DATASET ENTRIES -
************

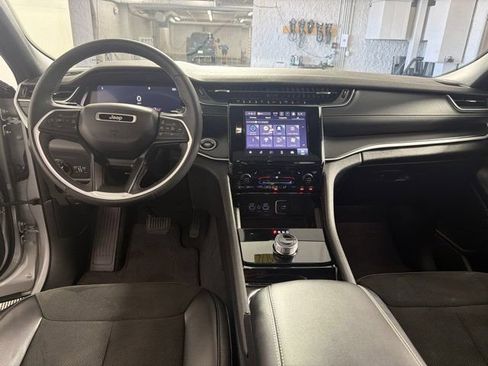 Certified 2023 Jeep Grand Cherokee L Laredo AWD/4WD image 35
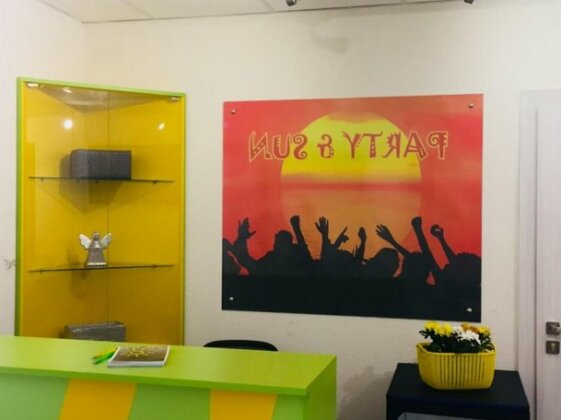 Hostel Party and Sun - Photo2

************

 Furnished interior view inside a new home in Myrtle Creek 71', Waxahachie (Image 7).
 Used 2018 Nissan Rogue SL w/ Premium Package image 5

************

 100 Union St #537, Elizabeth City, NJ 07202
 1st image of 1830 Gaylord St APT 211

************

Though the entries above contain pictures, none should be copied; reproduce only the lines between the one holding "Certified 2023 Jeep" and the one holding "Hostel Party and Sun - Photo2", inclusive, exactly as written.

PROBLEM SOLUTION -
 Certified 2023 Jeep Grand Cherokee L Laredo AWD/4WD image 35
 Hostel Party and Sun - Photo2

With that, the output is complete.